Immigrazione: non risanerà il sistema pensionistico italiano

 Inps Pubblicato su Viewsfromrome.org

Si è tenuto a Firenze, tra il 10 e l’11 dicembre 2003, un convegno della fondazione CESFIN su “L’incidenza economica dell’immigrazione”. Il Convegno era stato organizzato anche per lanciare un segnale di ottimismo sulla situazione previdenziale italiana, e per presentare gl’immigrati come provvidenziale fattore di risanamento dei conti dell’INPS, riempiendo il vuoto di quegl’italiani che non nascono, quindi non lavorano né contribuiscono alla future pensioni, per cui “l’iniziale forza-lavoro straniera sta progressivamente diventando popolazione straniera”, come ha dichiarato il noto demografo Giancarlo Blangiardo in un suo articolo su “Avvenire” (12 dicembre 2003).

Ma, al di là delle dichiarazioni ufficiali rese alla stampa, dal convegno è emersa una situazione molto meno rosea, come ha ammesso lo stesso Blangiardo, nel citato articolo, dicendo che “non ci si può illudere che gl’immigrati si faranno magicamente carico delle nostre pensioni”.

In una intervista resa allo stesso quotidiano “Avvenire” (cit.), la d.ssa Elsa Fornero, ricercatrice dell’Università di Torino e del CERP (Center for Research on Pensions and Welfare Policies), ha precisato che “il nostro sistema ha disavanzi così profondi, che, oltre oggi, li avrà domani e dopodomani.
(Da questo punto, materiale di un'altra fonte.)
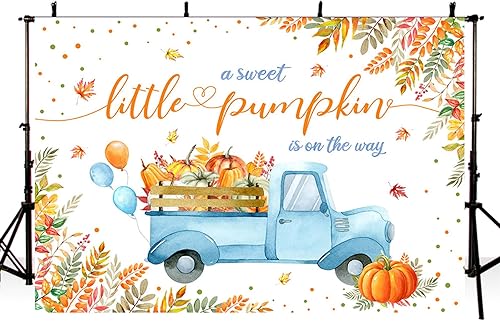 Miniatura 9 de MEHOFOND Telón de fondo de calabaza para baby shower de 7 x 5 pies, diseño de calabaza dulce está en camino, fondo azul para fotografía de hojas de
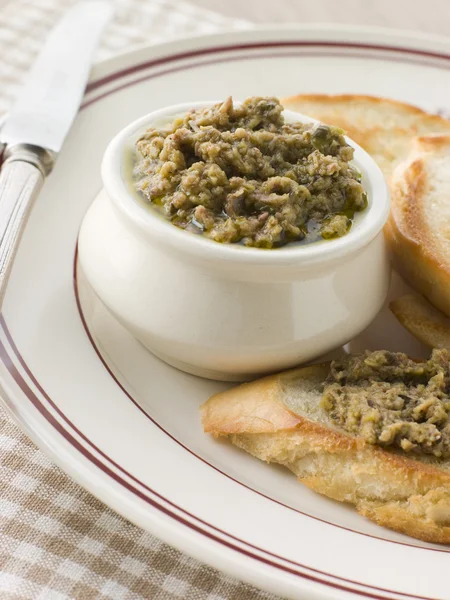 Green Olive Tapenade Toasted Baguette — Stock Photo, Image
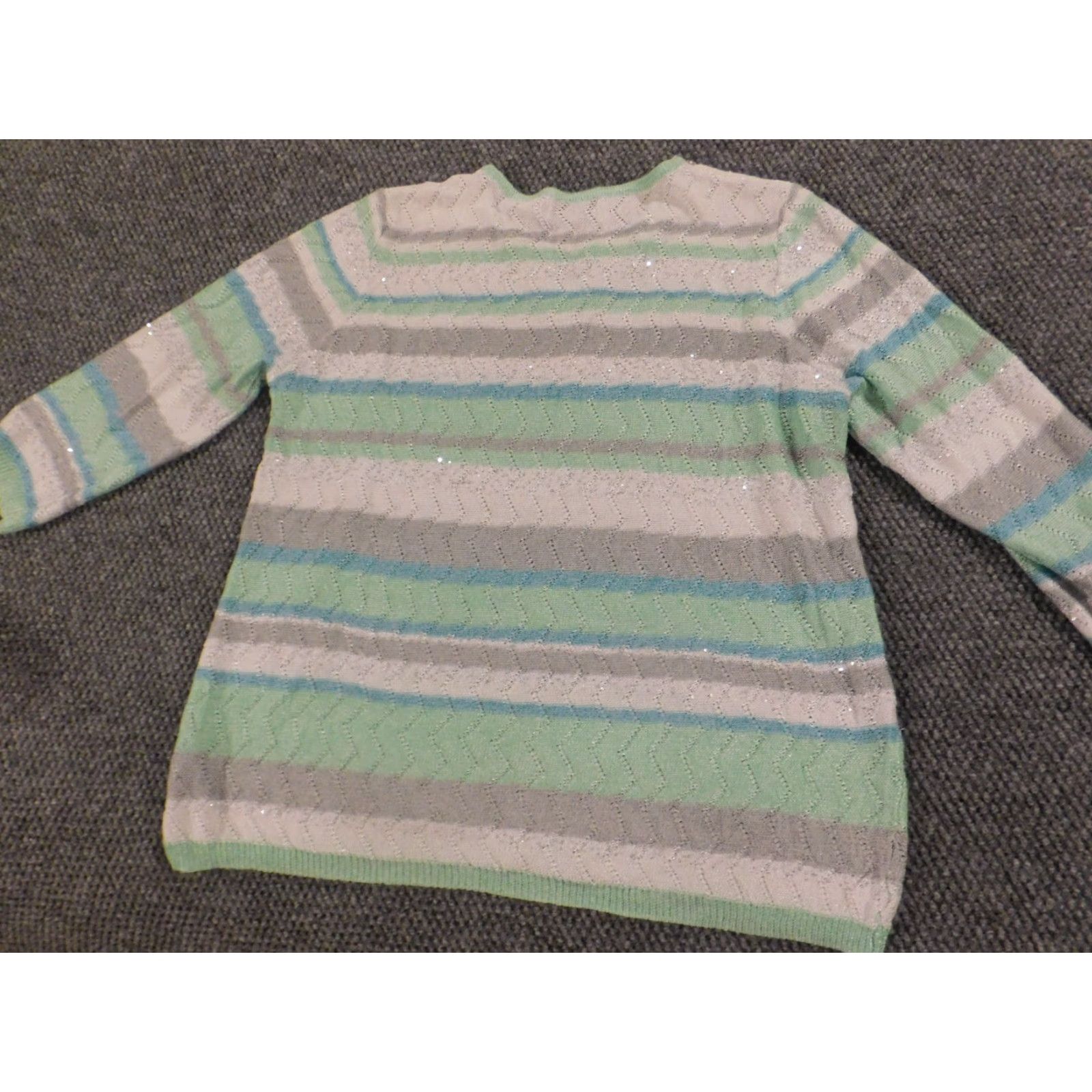 Vintage Alfred Dunner Sweater Womens XL Green Striped Pullover Crew Neck Knit Cap Sleeve Casual Regular Modern Knit Polyester Button Vintage No Size XL / US 12-14 / IT 48-50 - 6 Thumbnail
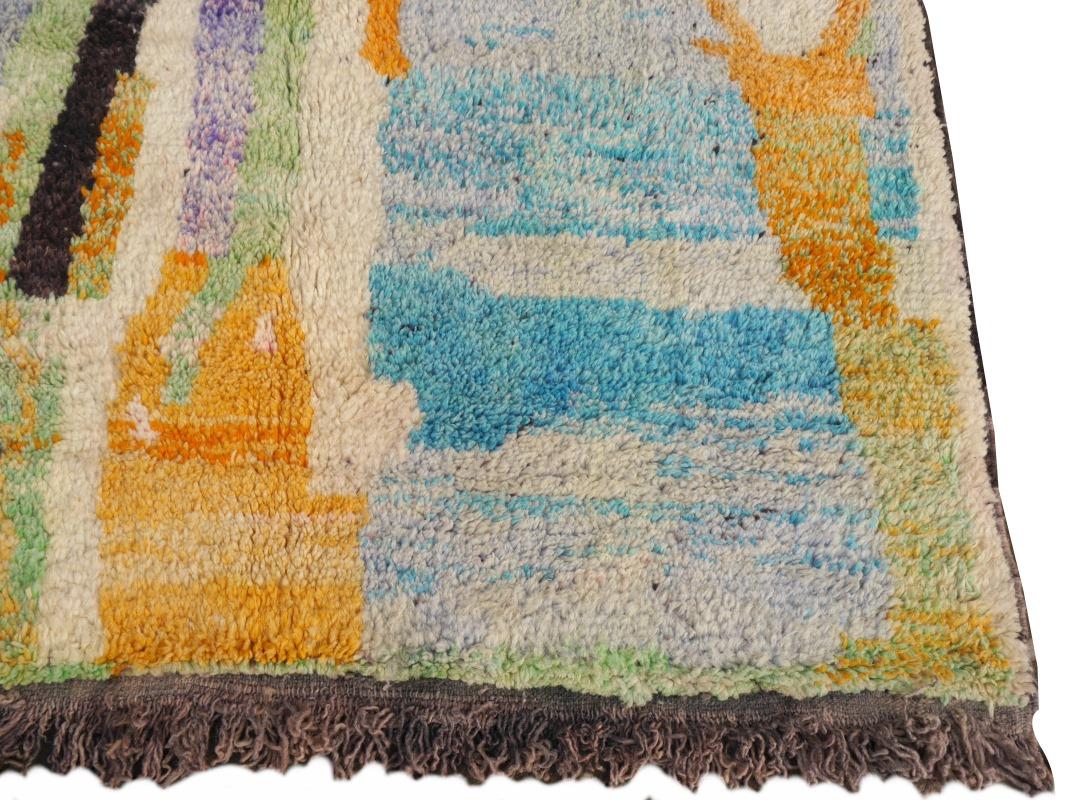 Hand-Knotted Moroccan Berber Rug Abstract Design Pink Wool White Blue Beige Vintage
L’immigrazione non è sufficiente a risolvere i problemi e non ci esime dal portare a compimento le riforme.

La mano, inoltre, può essere data solo a condizione che si tratti di un immigrato regolare, che lavora e paga i contributi; in questo caso, (…) l’INPS prende i soldi e li usa direttamente per pagare le pensioni, e quindi mette una toppa al divario temporale tra contributi e prestazioni. (…) Ma sono tutte piccole cose”, sono appunto “toppe” temporanee che possono solo rinviare una resa dei conti inevitabile.

Uno dei motivi che non possono farci illudere sul ruolo dei flussi migratori nel risanamento del nostro sistema pensionistico, sta proprio nel fatto che una rilevantissima quota d’immigrati, sebbene regolari, lavora però in nero e continuerà a farlo, perché così conviene sia a loro che ai datori di lavoro. Il convegno ha infatti constatato che, se sono stati concessi permessi di soggiorno a 1.212.554 immigrati, sono solo 600.000 di loro a fornire contributi; all’appello dell’INPS, mancano quindi oltre 600.000 lavoratori; il che significa che un immigrato regolare su due non è iscritto al nostro principale istituto previdenziale.

I flussi migratori regolari vanno quindi ad accrescere notevolmente (per circa il 15%) la già vasta popolazione dei lavoratori “sommersi” italiani, che, secondo le indagini del CENSIS, ammonterebbero per conto loro a 3.600.000, il 21% del lavoro operante. La fascia più consistente del “sommerso” è quella costituita dal lavoro autonomo, nel quale appunto si orientano almeno il 15% degl’immigrati (cfr. “Avvenire”, 3 dicembre 2003). Tutto questo, senza contare i clandestini.

Inoltre, dal convegno di Firenze è emersa una prospettiva non certo rassicurante, riguardante la futura integrazione degl’immigrati di “seconda generazione”, ossia quelli che sono nati e cresciuti in Italia.

Secondo il noto demografo Massimo Livi Bacci, questa nuova generazione “è un fenomeno che sta crescendo e che plasmerà il futuro della nostra società “. Per il prof. Livi Bacci “la partita dell’integrazone si giocherà sul fronte della seconda generazione: i figli degli immigrati. Se non saranno messi nelle condizioni di avere una possibilità di ascesa sociale, c’è il pericolo di un conflitto aperto. In Francia, per esempio, sta succedendo proprio questo: il conflitto sociale è alimentato da contestatori figli d’immigrati” (“l’Unità”, 11 dicembre 2003).

Saranno questi la manovalanza di una prossima lotta di classe etno-religiosa?